原子構造(量子論)

量子論が提案される以前には、水素原子の電子状態に関してBalmerなどの観測した発光スペクトルやRydbergの水素原子スペクトル系列の関係式などが知られていた。例えばBalmerが発光スペクトル中に見い出したBalmer系列は、Rydbergの式のn=2に対応する。Bohrはこれらの実験事実をもとに、(1) H+の周りを電子が 等速円運動 し、 (2) その 角運動量 がPlank定数の整数倍である、というモデルを提唱した。後に量子論をより発展させたSchrodinger方程式が現れ、水素原子の電子が占める軌道を表わす波動関数が計算された。この波動関数は3種類の量子数、すなわちエネルギーに関わる 主量子数(l)角運動量の大きさに関わる 方位量子数(n)角運動量のz軸方向成分に関わる 磁気量子数(ml) で表される。また多電子原子では、水素電子の波動関数に補正を加えた水素類似原子の波動関数で電子の軌道を表わす。多電子原子の基底状態の電子配置は、電子をエネルギーのより低い軌道から順番に割り当てることで近似的に表される。この際、各軌道には Pauliの排他原理 にしたがって最大2個の電子を割り当てる。またp軌道のようにエネルギーの縮重した軌道に複数の電子を割り当てる場合は Hundの規則 に従う。

 

  •  パウリの排他原理(Pauli exclusion principle)

1つの軌道に収容される電子は最大2つまでであり、同じ軌道に収容されるとき、2つの電子は異なるスピンを持つ。しばしばスピンは上下の矢印で示される。

  •  フントの規則(Hunt's rule)

 同一エネルギー軌道に電子が配置されるとき、可能な限りスピンを平行にして別々の軌道に収容される。

・1個の基底状態の水素原子がH+になるのに必要なエネルギー(波長単位)は、R_Hを使ってどのように表せられるか説明せよ。

題意より

\Delta E = R_H\( \frac{1}{1^2} - \frac{1}{\infty^2} \) = R_H

・炭素原子、酸素原子、ネオン原子の電子配置を示せ。

炭素 → (1s)^2 (2s)^2 (2p)^2

酸素 → (1s)^2 (2s)^2 (2p)^4

ネオン → (1s)^2 (2s)^2 (2p)^6

 

・上のうち、分子を作らずにそのままで安定に存在できるものはどれか。また、その理由を述べよ。

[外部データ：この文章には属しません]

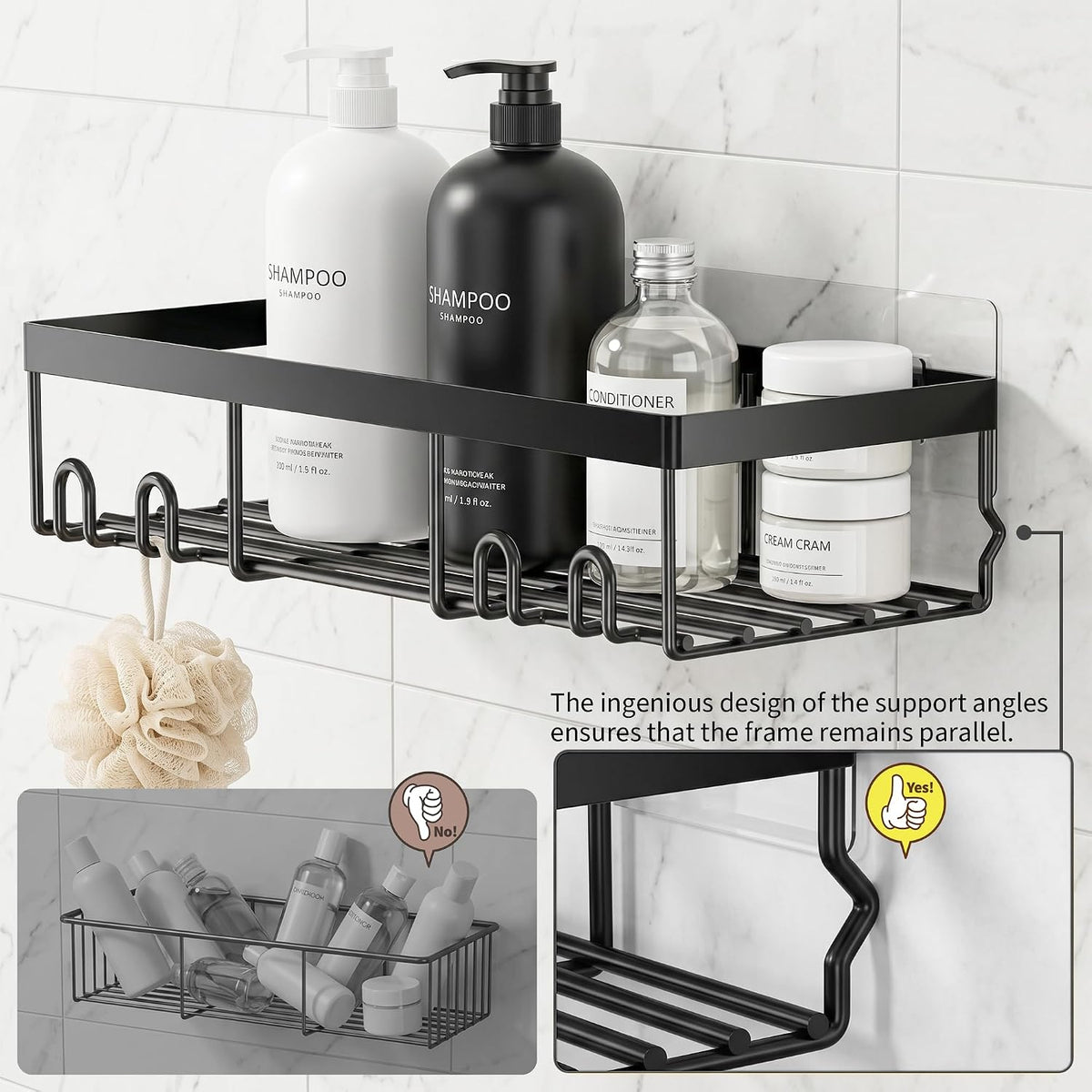 Shower Caddy Shelf Organizer Rack, Self Adhesive Black Bathroom Shelves Basket, Home Farmhouse Wall inside Organization and Storage Decor Rv Accessories, First Camper Apartment Essentials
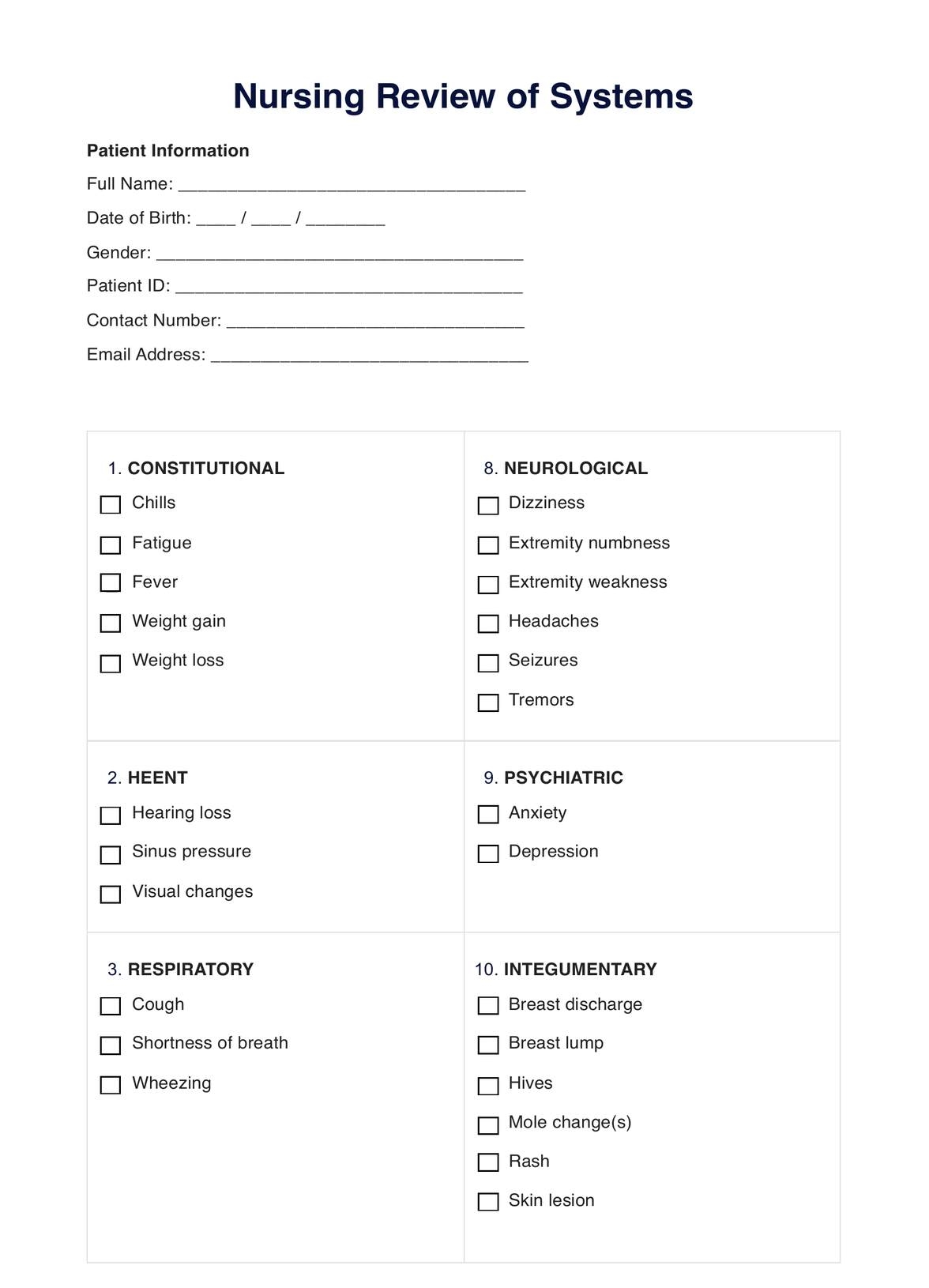 Nursing Review Of Systems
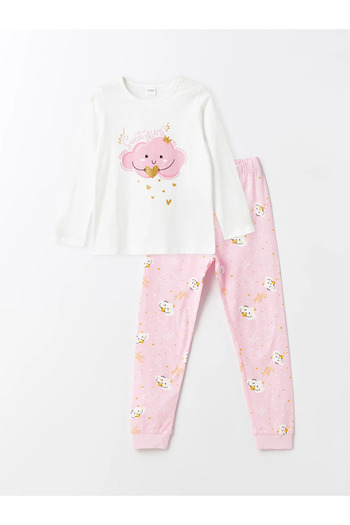 LC Waikiki LCW Kids Girl's Crew Neck Printed Long Sleeve Pajamas Set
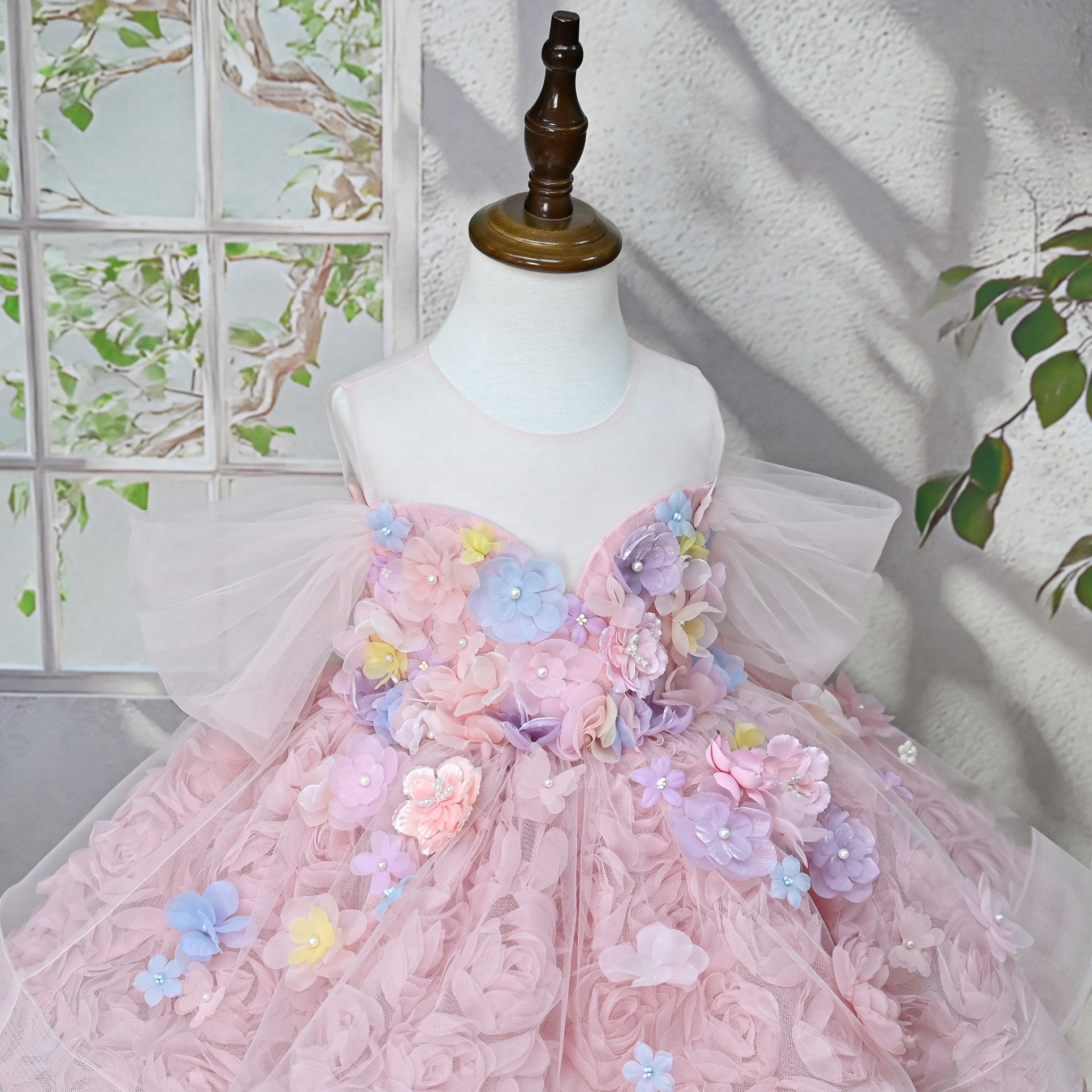 Mädchen Kleid Blumenmuster Französischer Stil Baumwolle_voghion.com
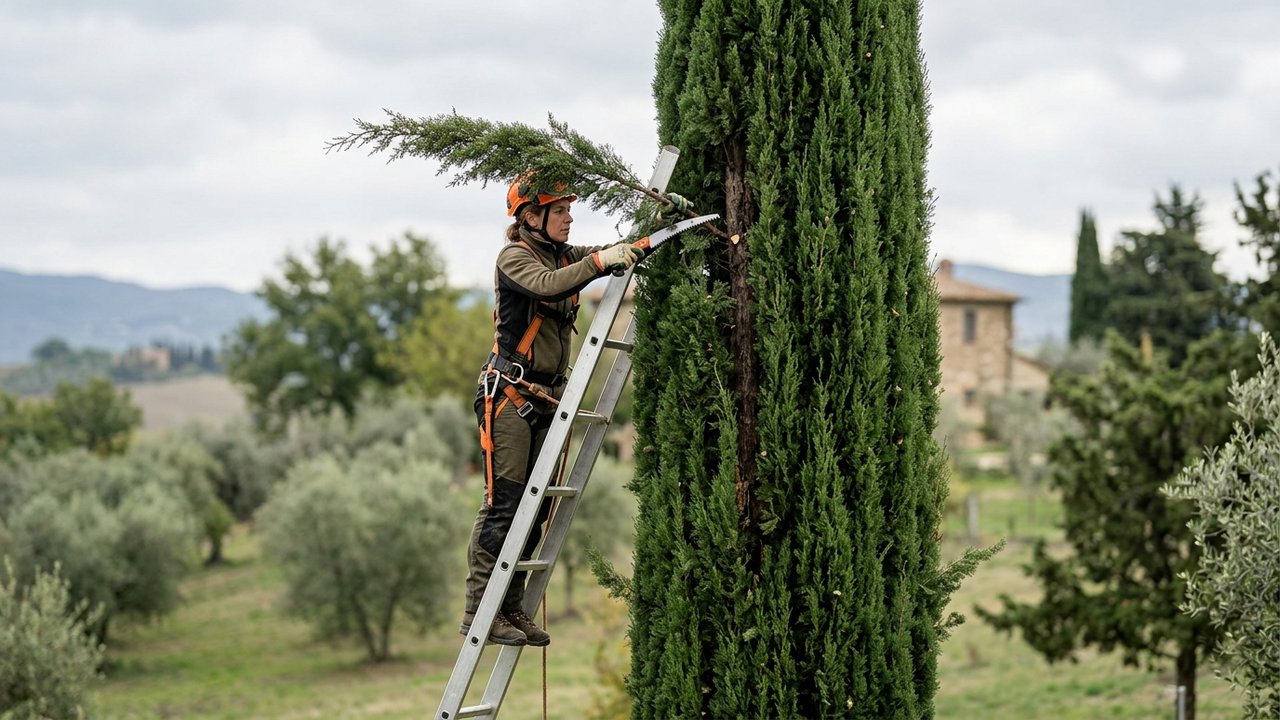 Taille d'un cyprès trop haut avec une scie d'élagage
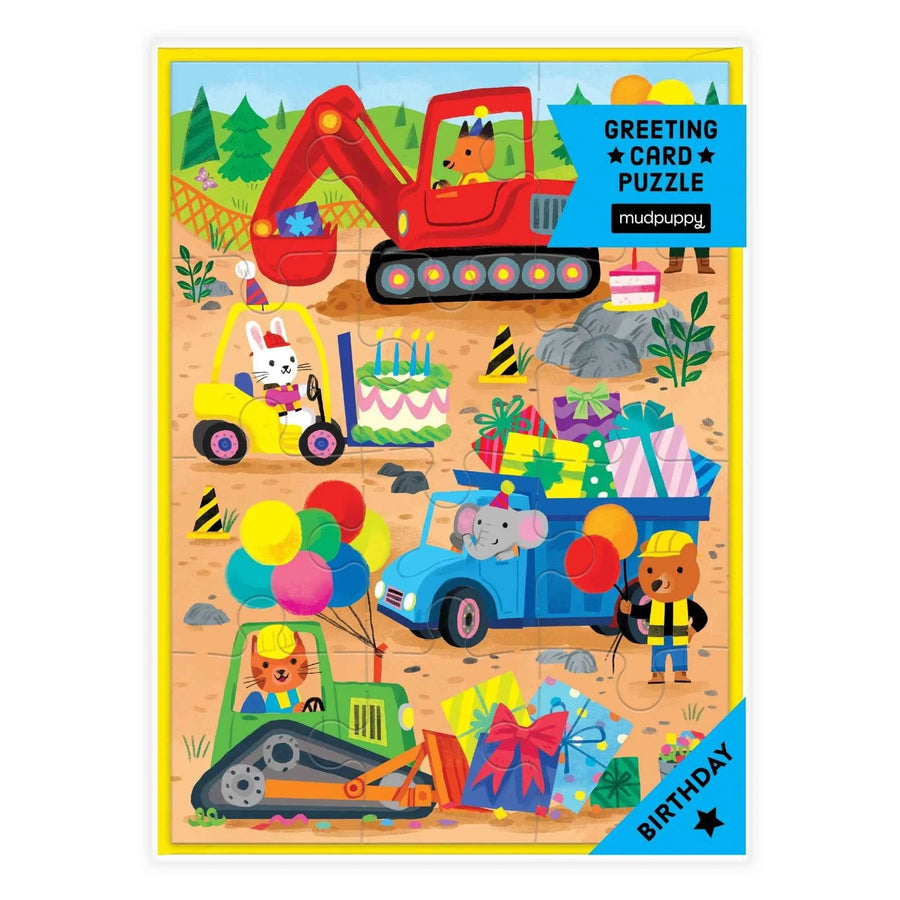 Mudpuppy | Wenskaart Bouwwerf Puzzel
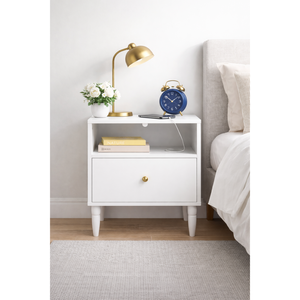 Modern White Nightstand With <b>Drawer</b> And Open Shelf Gold Knob Solid Wood Legs Small Bedside Table <b>For</b> Bedroom - Product Image 2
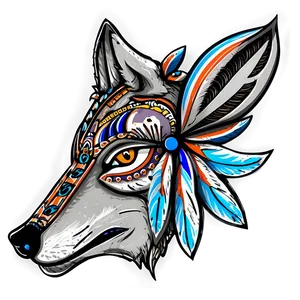Wolf Head With Tribal Feathers PNG 06122024 PNG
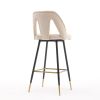 Set of 2 Velvet Upholstered Bar Stools With Gold Tipped Black Metal Legs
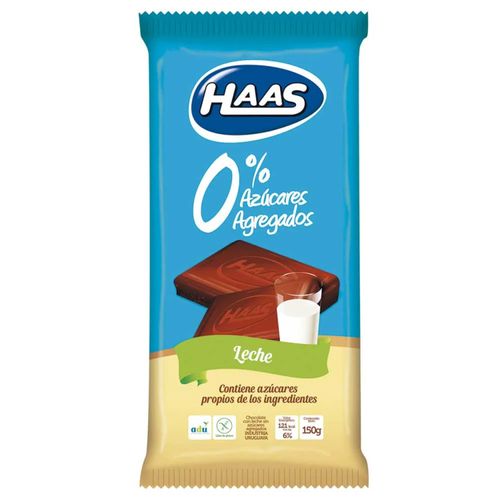 Chocolate Haas 0% Azucar Leche 150Gr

ネオン。分子軌道法によれば、結合次数が0となり、分子を作る必要がないため。

 

・炭素原子は水素原子4個と結合して安定なメタン分子を作るのに対して、酸素原子は水素原子2個と結合して安定な水分子をつくる。炭素原子と水素原子で結合できる水素原子数が異なる理由を述べよ。

(図を書く)炭素原子は3つの2p軌道のうち、2つに電子が1つずつ入っている。炭素原子は結合するとき、2s軌道の電子を励起させることでsp^3混成軌道を作る。この4つの軌道にそれぞれ水素原子が結合するため、水素原子4個と結合するときが最も安定である。酸素原子は3つの2p軌道のうち、1つは電子で埋まっており2つは電子が1つずつ入っている。この軌道に水素原子が結合するため、水素原子2個と結合するときが最も安定である。